The origins of medieval markets developed from farmers and their wives holding informal stalls in the churchyard for parishioners after worship. Some settlements also became centres of local activity, especially in those where Norman castles were built. These places became the centre point for the local area and from this the market town developed. In Medieval times to be granted market town status was a sign of increased importance in the area. Laws were introduced meaning that each new market town was given this legal status by Royal Charter through the sitting monarch and must be over one day’s travel from the next. By Medieval standards this was a long distance and meant that each new trading town also served the surrounding villages, who in turn could not apply for this status themselves.

Examples of some of these early castle market towns are Skipton, Knaresborough and Pontefract. The former has a long trading tradition, due to its proximity to the Yorkshire Dales. It received its market charter in 1204 and was used mainly for wool-trading.

The residents of the castle and landowners of places such as Skipton were keen to add a market to their towns because they could generate extra income through charging merchants a toll to hold their stalls in return for protection from thieves or attack. Nowadays the market offers a vast range of goods from meat, cheese and vegetables to DVDs, jewellery and flowers. Many of the traders set up their “setts,” from scratch as, unlike other towns, there are no fixed stalls.

A settlement’s market place became the centre of the community’s activities. Central town squares dedicated to market stalls began to be developed with the granting of these legal rights to hold them on certain days by the Crown. It also provided an opportunity for local farmers to sell their produce and livestock to the paying public or other tradesmen.

Like many things in the middle ages they were influenced by religion. Market crosses were built next to these central squares in order to seek god’s blessing for trade and a reminder to “not defraud by cheapening.” These often elaborate structures took many forms, some merely steps leading up to a mounted cross, such as the one in Northallerton to almost temple-like creations, emblazoned with carvings and coats of arms, like the one built in Beverley.

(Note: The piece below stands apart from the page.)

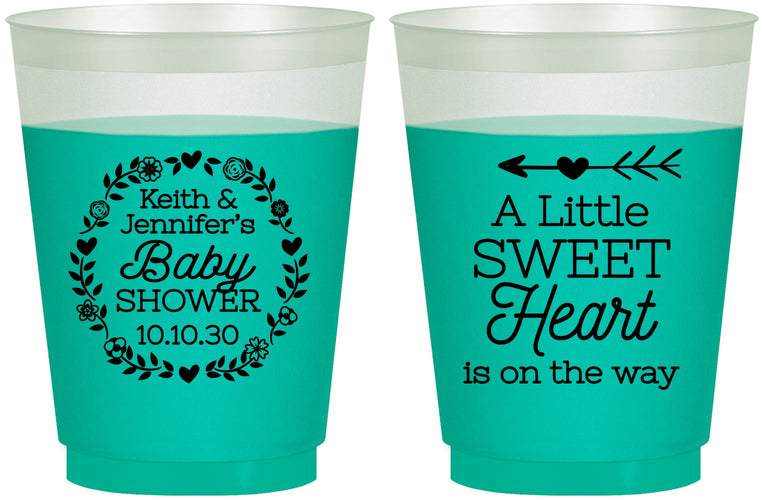 Custom Baby Shower 16 oz Color Changing Frosted Cups - Little Sweet Heart | 90195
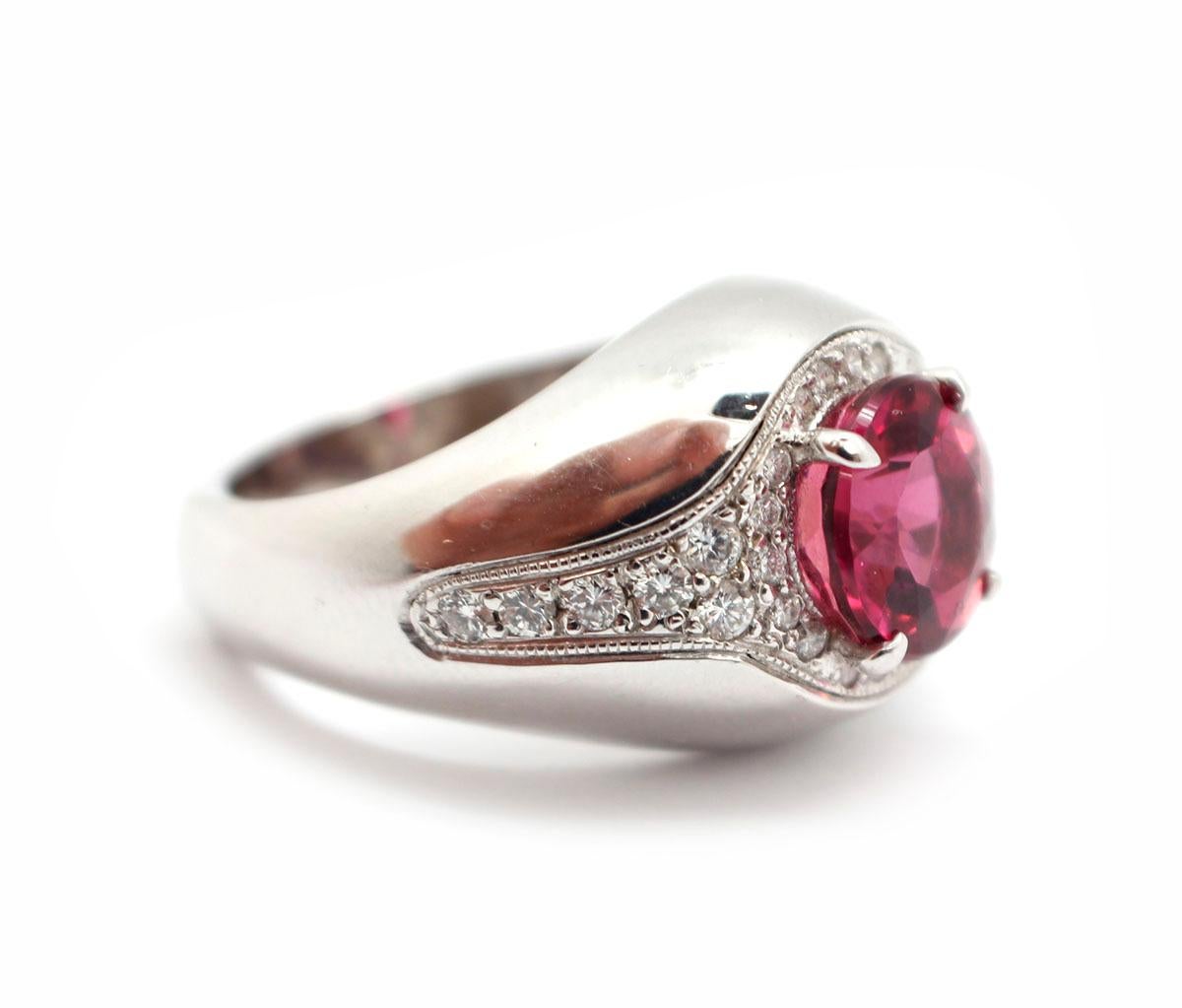 Modern 14 Karat White Gold, Diamond, and Pink Tourmaline Ring For Sale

This octagonal market cross was constructed in 1714 and has eight columns supporting an elaborate roof, which bears the coat of arms of the reigning monarch, Queen Anne, and those of the town amongst others. The enriching urns on top of the roof were added in 1769. The market cross has recently celebrated three hundred years in the market place and has been recently renovated as part of a project in the town centre. Beverley is a fine example of how religion and trading combined during the middle Ages to increase the wealth and importance of town. Beverley was already a place for religious pilgrims to visit, due to Saint John of Beverley’s tomb in the minster and so became the ideal place for local traders to sell their wares to the paying public, many of whom were religious tourists. The surrounding pasture lands of the Westwood and its fertile plains leading to the Humber estuary made Beverley an ideal location for a market town.

Nowadays it has two markets in separate locations. The smaller Wednesday market has a range of stalls including fruit and vegetables, fishmongers and a book stall. In recent years pavement cafes have opened around the small market square to give it a relaxing almost Continental atmosphere.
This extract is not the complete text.